On pourrait alors user du dictionnaire des synonymes dithyrambiques pour évoquer les plages cosmiques qui s’immiscent dans les partitions de cet album suintant d’une sincérité solennelle.
Il est alors impossible de ne pas fermer les yeux et se laisser porter par la densité contenue de Glacier, autre occasion de songer au crooner Neil Hannon dans cette manière de poursuivre l’aventure d’un songwritting parfaitement ciselé et interprété …
Décor en cinémascope sur les noirceurs à la fois orchestrale et technoïdes de Pale Green Ghost … Une fusion exquise pour un titre qui vient redonner du souffle à une setlist qui commençait à tomber quelque peu dans l’ennui.
La performance peut alors se déployer pour un bouquet final tout aussi subtil (You don’t have to) que prenant (Drug) et survolté (Queen of Denmark pour l’estocade)
On aurait pu craindre le pompeux, l’outrancier et le grandiloquent. On aurait pu craindre le vautrage dans le mièvre. On aurait pu craindre de perdre le rythme. Les craintes seront écartées d’un revers de vocalise, dans les rythmiques rock ou synthétiques.
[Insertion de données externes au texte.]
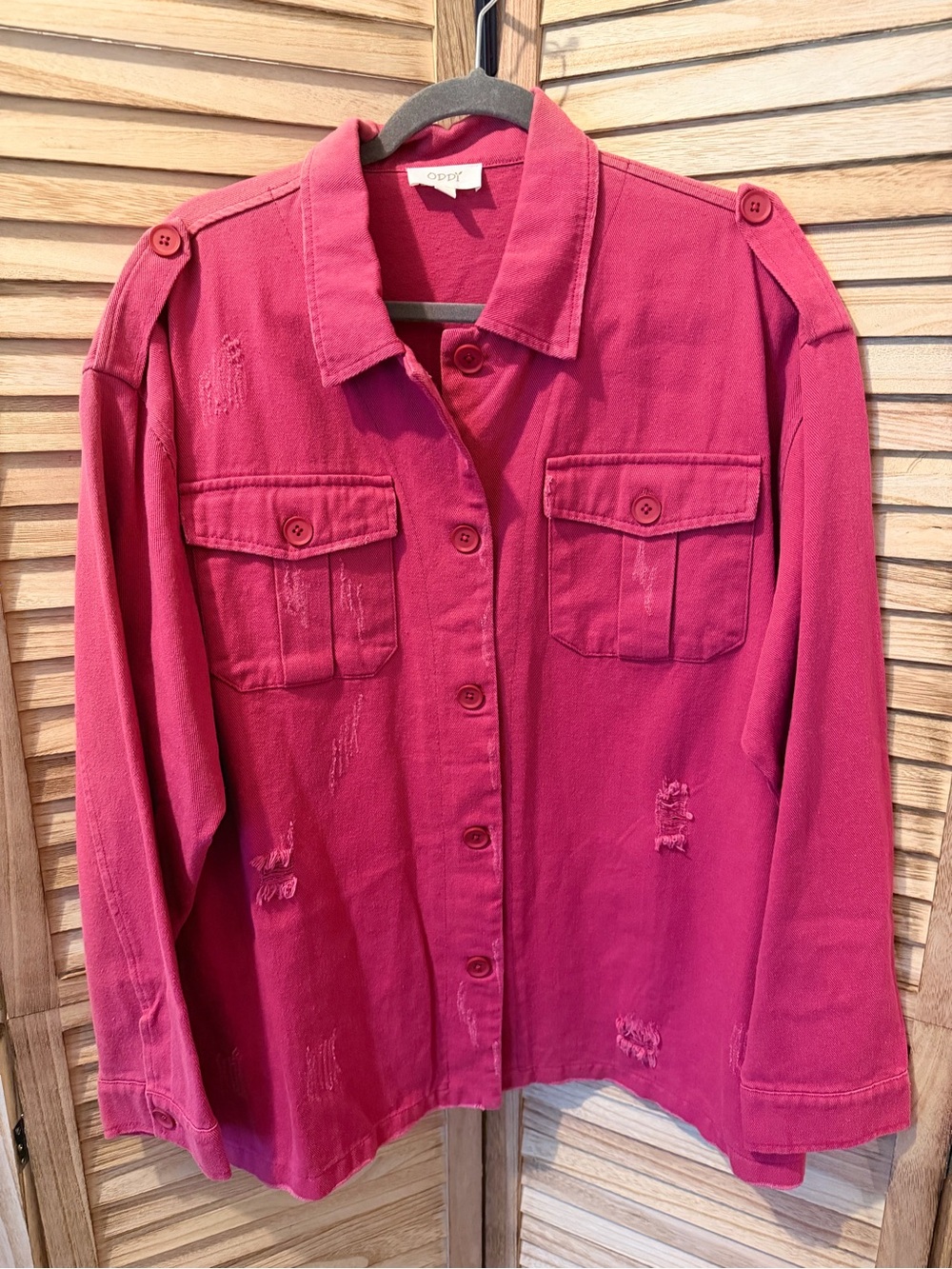ODDI Distressed Utility Jacket in Deep Magenta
L’unité du registre et la cohérence de l’humeur font de cet album live le parfait compagnon pour les longues nuits d’hiver (avec ou sans le feu de cheminée) et alors que la tempête de neige s’abat sur l’île d’adoption du grand barbu, c’est une certaine magie qui plane sur nos têtes à l’écoute de ce folk-rock élégant magnifié ici par une texture des plus adaptées. Belle revanche de la vie pour celui qui indéniablement a su retrouver la quiétude… Pour celles et ceux qui voudront prendre l’exemple, on connait désormais le chemin.